WHAT THE EXERCISE ASKS:
Each line below should be reproduced without any alteration.

STORED DATA:

►

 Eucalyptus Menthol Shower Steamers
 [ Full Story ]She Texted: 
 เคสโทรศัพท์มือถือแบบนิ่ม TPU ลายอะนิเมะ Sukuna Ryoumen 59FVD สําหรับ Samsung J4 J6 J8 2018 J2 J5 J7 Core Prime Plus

◄

RESPONSE FOR THIS EXERCISE:
 Eucalyptus Menthol Shower Steamers
 [ Full Story ]She Texted: 
 เคสโทรศัพท์มือถือแบบนิ่ม TPU ลายอะนิเมะ Sukuna Ryoumen 59FVD สําหรับ Samsung J4 J6 J8 2018 J2 J5 J7 Core Prime Plus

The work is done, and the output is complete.